As Mainers start to cast their ballot, this year’s election will matter a lot for the health of our democratic republic. Americans have the ability to pick representatives who will make a huge slew of decisions affecting our futures and also our ability to empower ourselves.
As the Declaration of Independence proclaimed, “governments are instituted” to secure the rights of “life, liberty and the pursuit of happiness.” And our Constitution says our system is designed to “pursue the general welfare and secure the blessings of liberty.”
It’s a never-ending story defining what our democratic republic is and can be. Although who can participate and what the government does has shifted over the centuries, certain core principles hold.
One is that government can provide support so that everyone has the opportunity to pursue happiness, with citizens choosing among candidates who have differing approaches.
Consider K-12 education, which has roots in the Common School Movement led by Horace Mann.

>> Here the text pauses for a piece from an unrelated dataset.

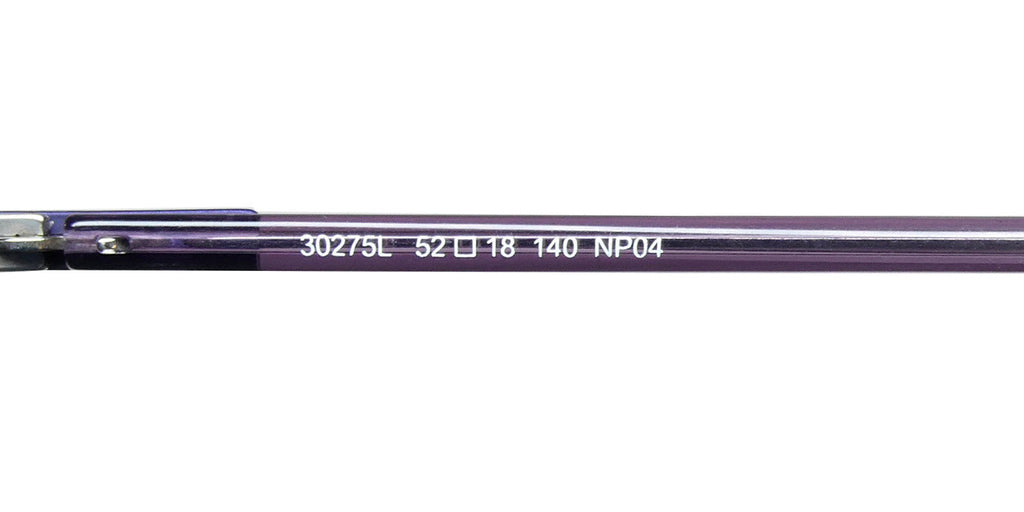 Morel Lightec 30275l Eyeglasses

In 1848 Mann proclaimed that public education is “beyond all other devices of human origin … the great equalizer of the conditions [among people] — the balance-wheel of the social machinery.” While recognizing that public education doesn’t overcome all differences of wealth, Mann held it was critical to a healthy society and democracy.
While Democrat Kamala Harris says she will “strengthen public education and training as a pathway to the middle class,” including traditional academics and vocational options, Republican Donald Trump would eliminate the U.S. Department of Education, stopping the funds now going to Maine schools for low-income and special education students. Harris would increase opportunity and Trump would decrease it.

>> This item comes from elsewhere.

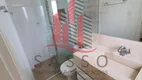 Foto 3 de Apartamento com 4 Quartos à venda, 170m² em Vila Alzira, Guarujá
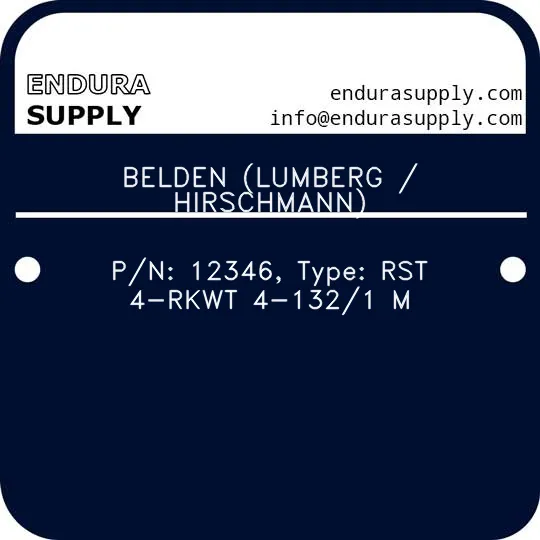 belden-lumberg-hirschmann-pn-12346-type-rst-4-rkwt-4-1321-m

Second, fair treatment of businesses produces better economies.
As scholar of autocracies Timothy Synder points out, countries with chief executives who approach businesses with an eye to control them to serve themselves have poor economies. Snyder argues that strongmen are bad for business, for “democracy is an element of a more fundamental guarantor of prosperity, the rule of law.”

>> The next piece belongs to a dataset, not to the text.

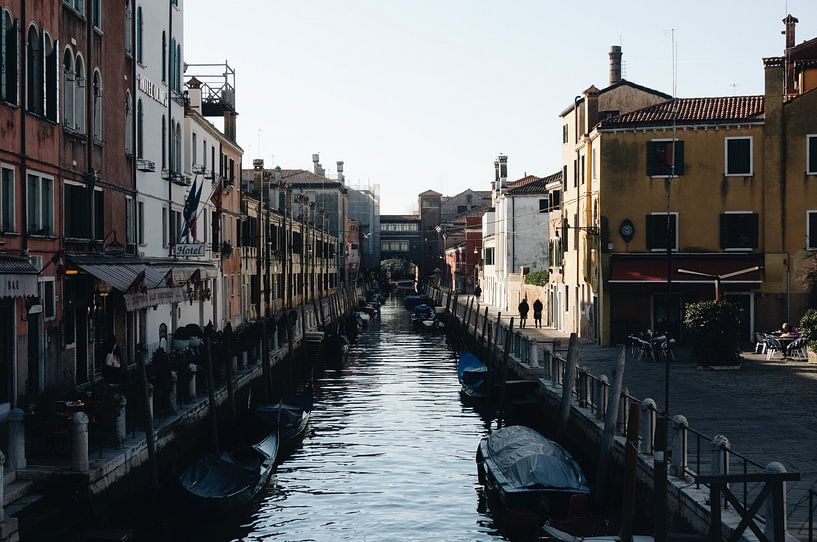 Venice by Hello Pompoyo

What we’ve seen from Trump in this regard is troubling.
Toward the end of Trump’s presidency, he tried to make the civil service more political, making appointees accountable to him and decreasing expertise. This is now a key element of the Heritage Foundation’s Project 2025, and they’ve been gathering names of Trump loyalists to take previously nonpolitical jobs, regardless of expertise.
Recently we’ve seen Republicans who support Trump threaten a business with the loss of their consulting contracts because a single employee leaked messages from GOP vice-presidential candidate JD Vance criticizing Trump in 2020. As the Washington Post reported, “Ethics experts said the episode is a potentially ominous preview of how a second Trump administration might use the enormous power the federal government wields over private industry to punish political acts by individual workers.”
Political retribution could also be aimed at business owners and investors, whether big or small. Consider that a Springfield businessman and his family, including his 80-year-old mother, got death threats after he said the Haitian immigrants he hired are good workers. What might happen to him if federal regulations are applied based on political allegiances?
Third, stoking intense distrust in government can cause citizens to not cooperate with or understand what they can gain, harming their personal situations. As Prof. Douglas Harris and I wrote in “At War With Government,” Trump went beyond normal questioning of what government does, to create problematic fear and divides.
We see this now in what one fact-checker calls “a barrage of lies and distortions about the federal response to Hurricane Helene,” which Republican governors and local officials from the affected states said was not true. Those lies have consequences. FEMA workers have gotten threats and, if people believe the falsehoods, it makes it harder for people to get help and recover from the natural disaster.
Finally, as Mainers go to the ballot box, they should think about which candidates have supported or undermined fundamental democratic mechanisms. After losing four years ago, Donald Trump tried to undermine the peaceful transfer of power both by knowingly lying about his loss, trying to have new votes “found” in Georgia, overseeing the creation of fraudulent electoral votes and encouraging supporters to go to the Capitol on Jan. 6 where they mounted a violent assault.
Needless to say, Harris has done none of that. This is what led staunch conservatives like Liz Cheney and former GOP chairs in Maine and elsewhere to endorse her.
From the start of the American experiment, our founders wanted protections for life, liberty and the pursuit of happiness, to be secured by government, controlled by the people. Trump’s plans would undermine freedom and policies needed to pursue happiness while overly centralizing power in the presidency and wielding it for political purposes. Harris’s plans promote personal freedom and the development of an “opportunity economy,” both of which will help Americans pursue happiness, security, and stability in their lives, their families’ lives, and in the communities in which they live.
Our democracy is stronger when people have greater opportunity, when the government prioritizes expertise over political favoritism, when there’s adequate cooperation with and trust in those who serve them, and when candidates respect the outcome of elections. Now is a time of choosing.